• Records to process

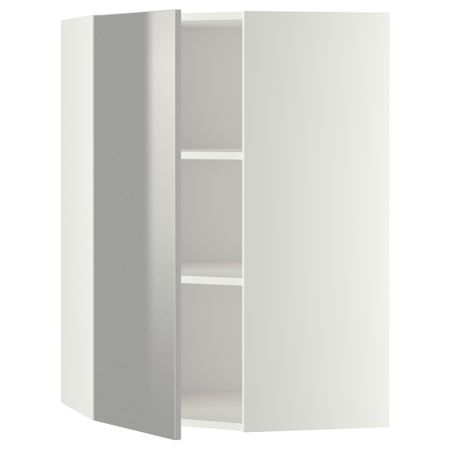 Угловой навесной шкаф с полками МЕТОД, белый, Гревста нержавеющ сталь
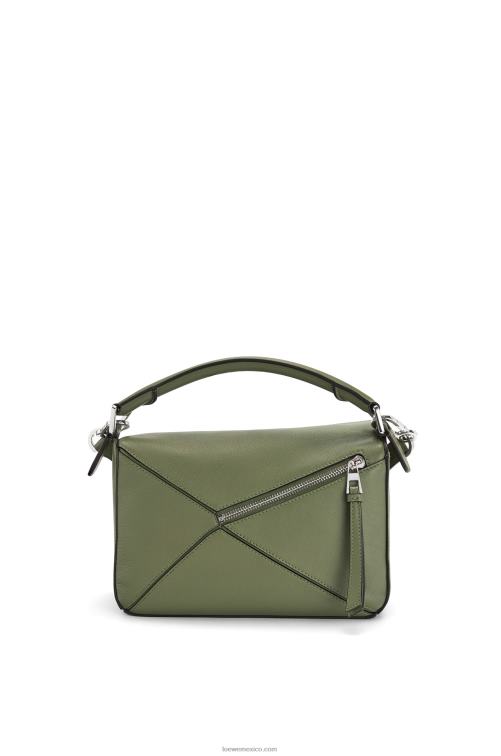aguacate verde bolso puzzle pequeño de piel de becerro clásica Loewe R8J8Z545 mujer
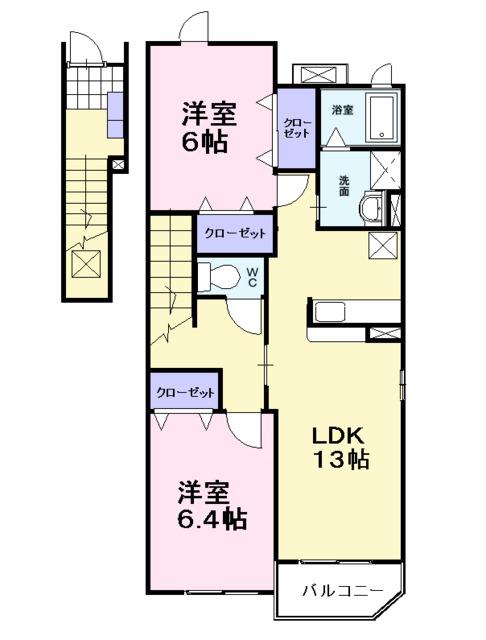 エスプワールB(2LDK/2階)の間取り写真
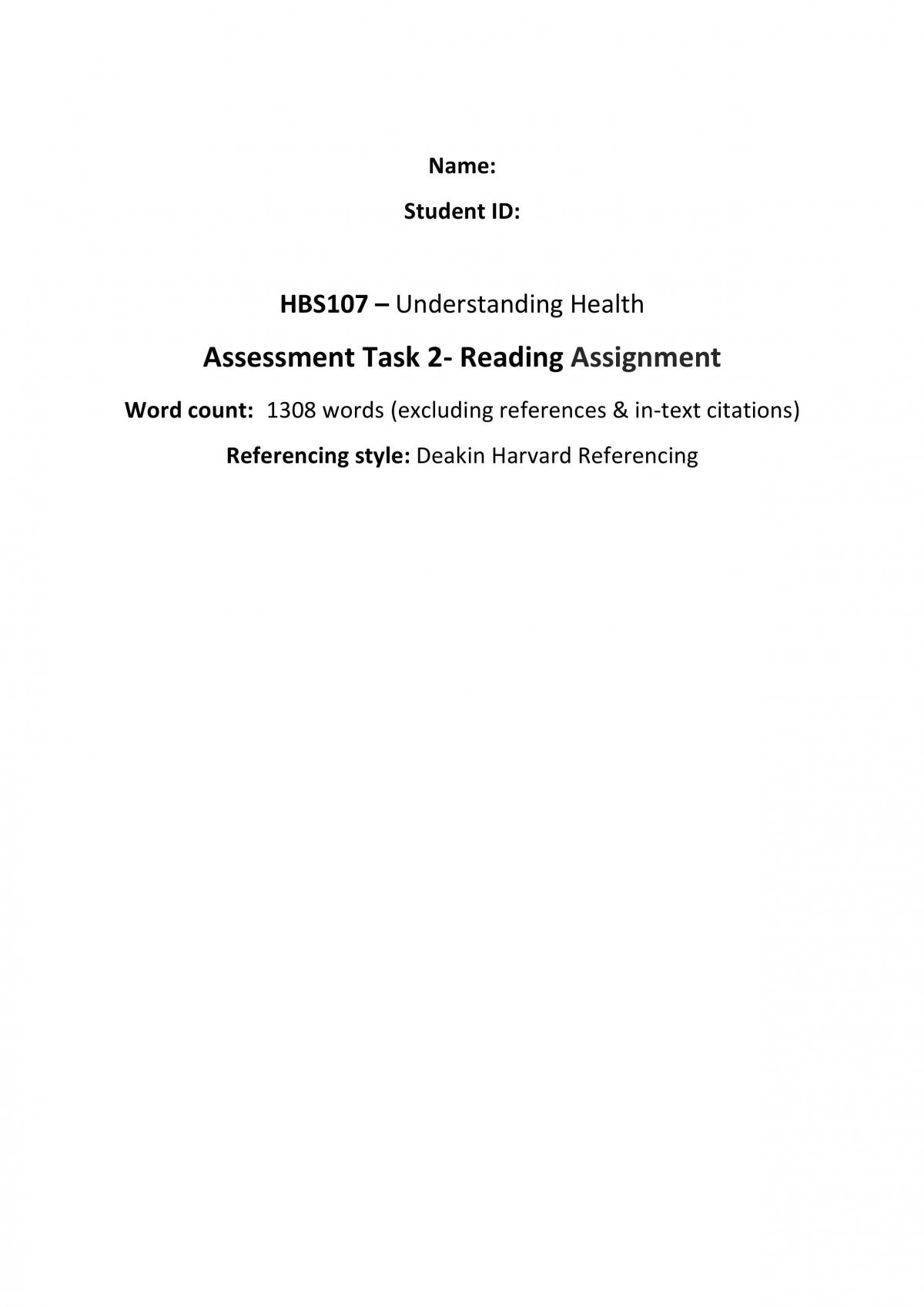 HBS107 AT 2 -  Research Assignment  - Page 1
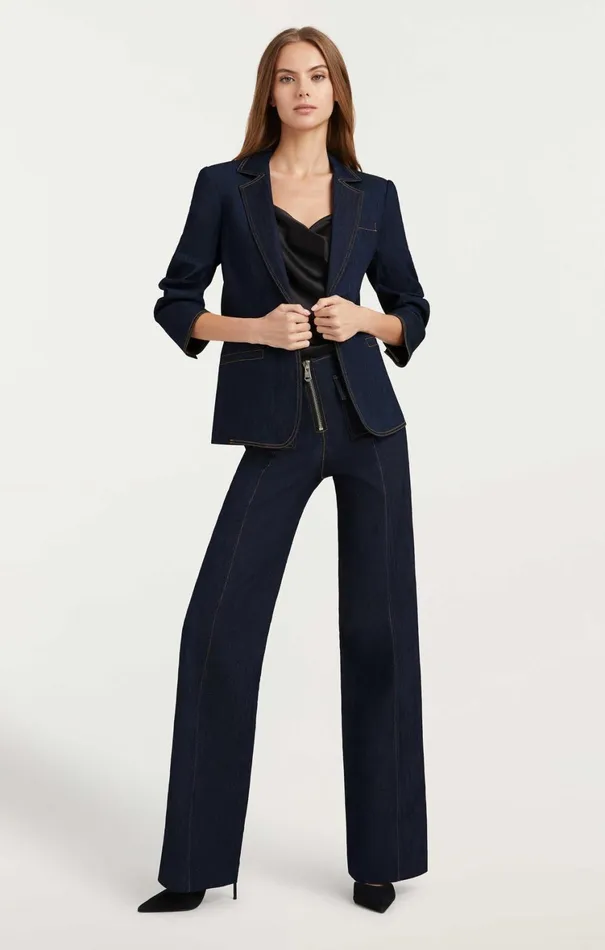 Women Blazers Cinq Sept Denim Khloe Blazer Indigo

• Task to carry out
Please copy the lines above, starting at the one that holds "aguacate verde bolso" and stopping after the last line, exactly as they appear and minus the pictures.

• Answer
aguacate verde bolso puzzle pequeño de piel de becerro clásica Loewe R8J8Z545 mujer
 エスプワールB(2LDK/2階)の間取り写真
 HBS107 AT 2 -  Research Assignment  - Page 1
 Women Blazers Cinq Sept Denim Khloe Blazer Indigo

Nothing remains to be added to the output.